Вот и пошли. Еще десять бойцов с нами. Рыбу несем. Сухари. Патроны и гранаты. Дед Савелий впереди. Где покруче, да камней побольше, туда и ведет. На олешках, соображаю, ловчее бы, только где олешек возьмешь? И ползать олешка не может. Убьют еще олешку-то. Вот сами мы вместо олешек за спинами все тащим. Взопрели все, спасу нет. И курить дед Савелий не разрешал вовсе. Мы ему говорим, кто дым от трубки увидит? А он свое: нет и все тут.

На сопку выползли. Лежим под камнями, как пеструшки пугливые. Ночи ждем. А тогда день уходил. Колдунья Лоуха еще не совсем проглотила солнце. Побудет оно часа два в пасти у Лоухи, гляди, вырвется. Лежим мы тогда и думаем: пусть Лоуха сегодня осилит светило, подольше в пасти своей подержит.

Хотя я, слушая рассказ Игоря Игоревича, переживал, как мне казалось, то, что переживали тогда они – эти смелые люди, рисковавшие своими жизнями ради помощи совсем незнакомым бойцам, и хотя я, как мне казалось, волновался так же, как и они в тот день и в тот вечер (не могли же они пробираться по фашистскому тылу вот так же спокойно, как спокойно о том рассказывает Игорь Игоревич), но, несмотря на то, что я был во власти созданных самим же своих сложных чувств и переживаний, я не мог не удивиться, услышав о фантастических возможностях какой-то старухи Лоухи, которая так запросто берет и глотает солнце. Ожившая легенда седой старины? Но отчего имя колдуньи Игорь Игоревич произнес напевно, немного торжественно?
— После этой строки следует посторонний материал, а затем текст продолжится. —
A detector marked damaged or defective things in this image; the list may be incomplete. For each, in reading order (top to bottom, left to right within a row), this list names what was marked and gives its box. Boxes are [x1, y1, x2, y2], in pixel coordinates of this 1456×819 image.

Позже, когда я прочитал "Калевалу", легенды и сказы о древней Кольской земле – Лапландии, полусказочной стране, полной чародейства, я узнал, что Лоухе – злой и властной колдунье, хозяйке Севера – под силу было только заколдовать солнце, застудить морозом воздух, но даже древние люди не осмеливались наделять Лоуху такими невероятными возможностями, как глотание солнца. Как же современный человек приписал ей то, что колдунье не было свойственно? Оттого, видно, что устный эпос, многовековой спутник саами, заглох в век цивилизации на Кольской земле, до книг же руки не доходили, да и были ли они вообще о прошлом? К тому же и понятие "не профессоры же мы" вполне прижилось, вот и наделяли старуху-колдунью тем качеством, какое не соответствовало представлениям древних предков. Но этот вывод я сделал много месяцев спустя. Сейчас же я с волнением слушал мерный рассказ Игоря Игоревича.
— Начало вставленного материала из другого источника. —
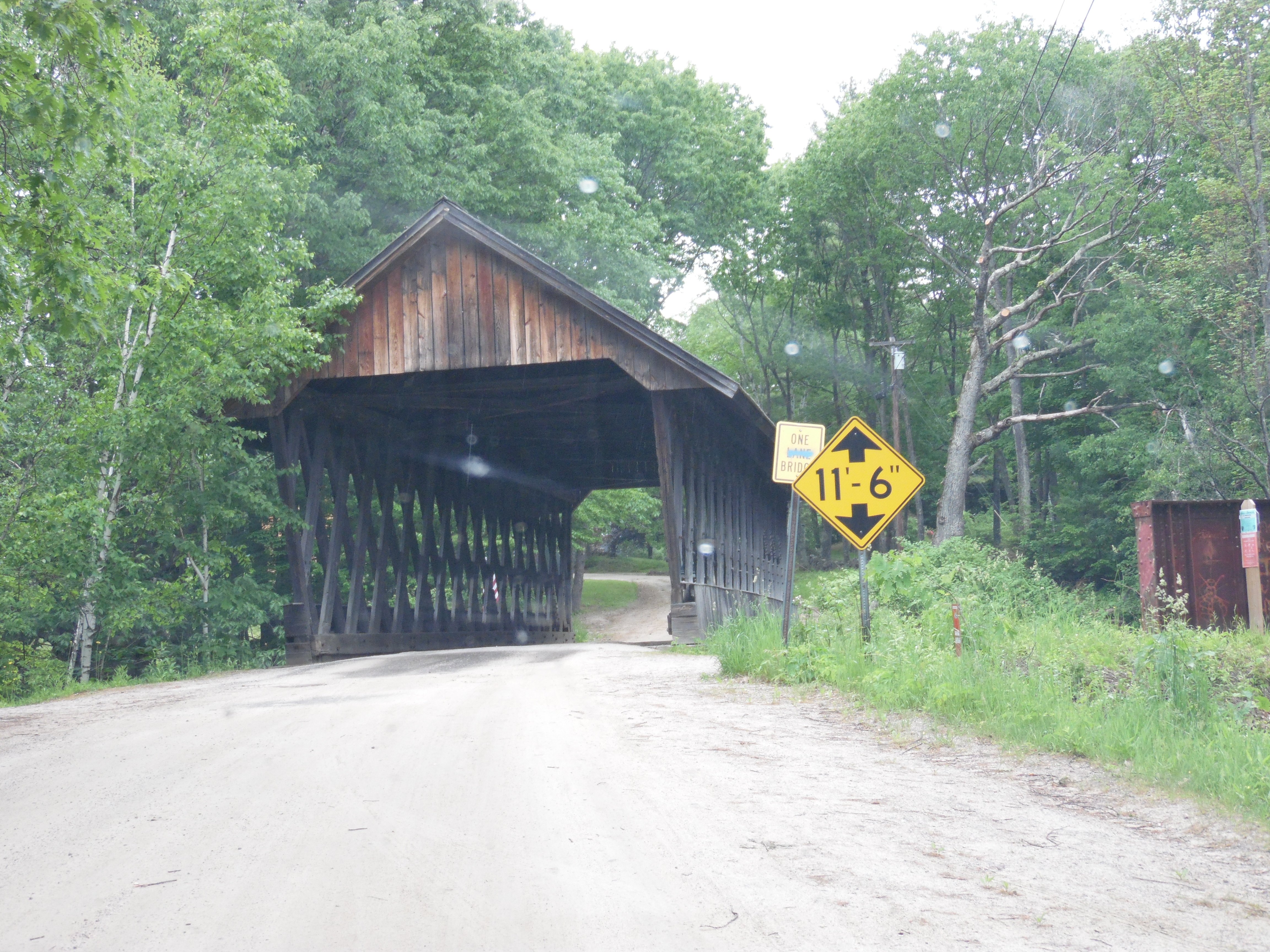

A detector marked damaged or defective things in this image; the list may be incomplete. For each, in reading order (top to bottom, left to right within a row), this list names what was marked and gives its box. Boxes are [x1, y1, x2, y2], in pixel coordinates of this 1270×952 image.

rusty metal container [1133, 500, 1270, 635]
– Когда темно сделалось, поползли мы. Бросит фашист в небо огонь яркий – мы к камню прилипнем. Потом снова ползем. Ой, как медленно. Вот-вот злая Лоуха, думаем, выплюнет светило. Что тогда? Фашист кругом. Кто обратно шнеки отведет? Пропадут. Нам бы попроворней скрестись руками, да куда там. Олешку на рога петлю бросить – давай; белку в голову из карабина угодить – не промахнемся. А ползать обучения не проходили. Дед Савелий, он – мастак. Германскую прошел, на англичан, какие в Архангельске грабили, хаживал. Мы же как-никак – ползем, однако. Когда до середины сопки поднялись, дед Савелий нырнул за камень и шепчет: стой, дескать. Дальше коль двинемся, свои побьют.

Пополз один красноармеец. Мы ждем, сидим. Думка одна мучает: покурить бы. Только кто разрешит? Вот уж, надеемся, наверху никто мешать не станет. Даже дед Савелий не должен запретить. Только не так все вышло, не по думкам нашим. Пограничники больше нашего без курева. Табак у них совсем кончился. Все и отдали.

Патронам они ой как рады были. Совсем пустяк у них остался. Ровно разделили между собой. Еще, говорили, день или два продержаться смогли бы, а уж потом – штыки вперед. В рукопашную, говорили, осталось бы.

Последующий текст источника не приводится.